Living Wage Foundation
- Formation: 2011; 15 years ago
- Type: Campaign group
- Purpose: Encourage businesses to pay a living wage
- Headquarters: Living Wage Foundation, Citizens UK Head Office, Jacquard Point 1 and 3, Tapestry Way, London, E1 2FJ
- Location: London, United Kingdom;
- Coordinates: 51°31′07″N 0°03′30″W﻿ / ﻿51.518593°N 0.0583103°W
- Director: Katherine Chapman
- Parent organization: Citizens UK
- Website: https://www.livingwage.org.uk/

= Living Wage Foundation =

Campaigning organisation in the United Kingdom

The Living Wage Foundation is a campaigning organisation in the United Kingdom which aims to persuade employers to pay a living wage. The organisation was established in 2011; it publishes an annual Living Wage figure and for a fee accredits employers who pay at the rate of the "living wage".

In October 2024, the real Living Wage increased to £12.60 per hour in the UK and £13.85 per hour in London.

==History==
The Living Wage Foundation grew out of the Living Wage Campaign which originated in London. The campaign was launched in 2001 by members of London Citizens, a community organisation which subsequently developed into the nationwide community organising institution Citizens UK. The Living Wage Campaign called for every worker in the country to earn enough to provide their family with the essentials of life. It engaged in a series of Living Wage campaigns and in 2005 the Greater London Authority established the Living Wage Unit to calculate the London Living Wage, although the authority had no power to enforce it. The London Living Wage was developed in 2008 when Trust for London awarded a grant of over £1,000,000 for campaigning, research and an employer accreditation scheme. The Living Wage campaign subsequently grew into a national movement with local campaigns across the UK. The Joseph Rowntree Foundation funded the Centre for Research in Social Policy (CRSP) at Loughborough University to calculate the Minimum Income Standard (MIS), a UK-wide figure taking an average from across the whole country and independent of the higher living costs in London. In 2011, the CRSP used the MIS as the basis for developing a standard model for setting the UK Living Wage outside of London and other cities around the UK began to adopt the campaign. As a result of the campaign's success, Citizens UK set up the Living Wage Foundation and the Living Wage Employer mark in 2011 to provide companies with intelligence and accreditation. The Living Wage Foundation argues that paying a Living wage is not merely ethical, but also constitutes business best practice and improves productivity.

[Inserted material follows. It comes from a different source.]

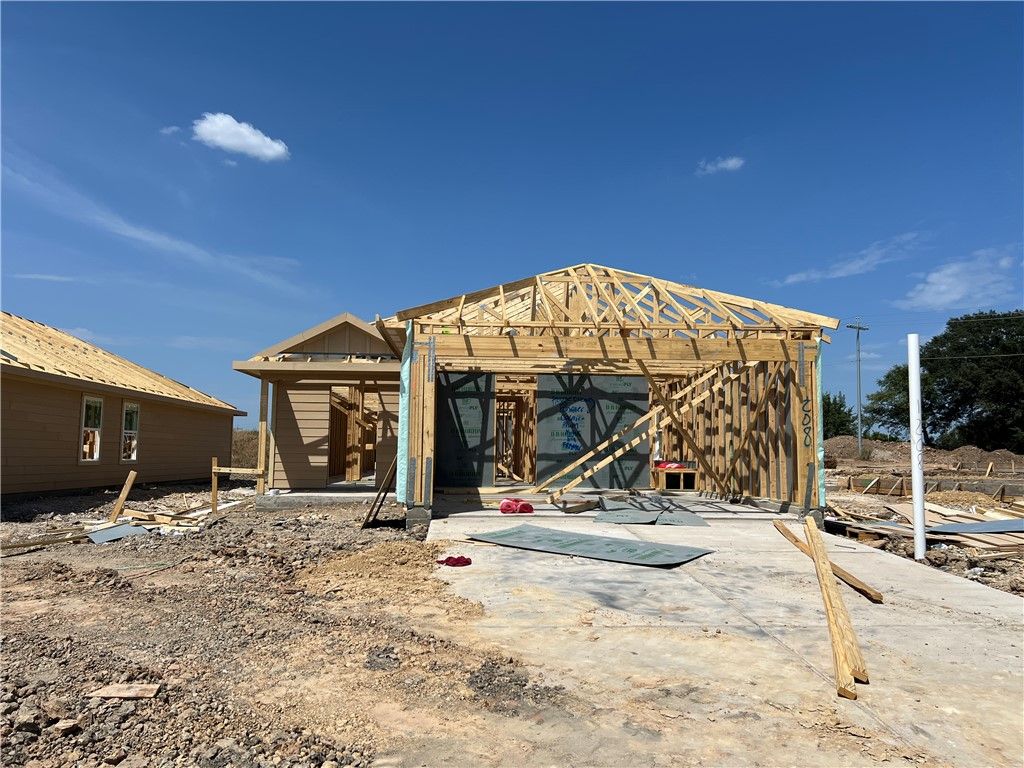 1208 Hickory Grove Street, Brenham, TX 77833 — exterior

Having bought shares in Next plc, the Living Wage Foundation sent representatives to the company's annual general meeting in May 2014 in an attempt to persuade the company to pay at least £7.65 per hour and become the first retailer among the UK's 700 living wage employers. Next was chosen because it was considered to be a good employer and was thriving. Professor Sir George Bain who set the minimum wage in 1999 said employers could afford to pay much more but acknowledged enforcement could cause unemployment in the retail sector.

From 15 November 2021, the living wage rate or "real living wage" was £9.90 per hour outside London and £11.05 per hour within London. Increases to £10.90 outside London and £11.95 inside London were announced on 22 September 2022, with the Living Wage Foundation expecting member employers to implement the increase "as soon as possible but by the latest 14th May 2023". It was also reported that there were 11,000 businesses accredited by the Foundation, at the time.

==Legal status==
The living wage declared by the Living Wage Foundation has no legal status. Statutory minimum wage levels in the UK are determined by the statutory national minimum wage set up by regulations made under the National Minimum Wage Act 1998. The rates are reviewed each year by the Low Pay Commission. The national minimum wage aims to protect the lowest paid from exploitation, but its level often falls short of the local cost of living and it has increasingly failed to prevent in-work poverty without welfare payments by the state to supplement earnings.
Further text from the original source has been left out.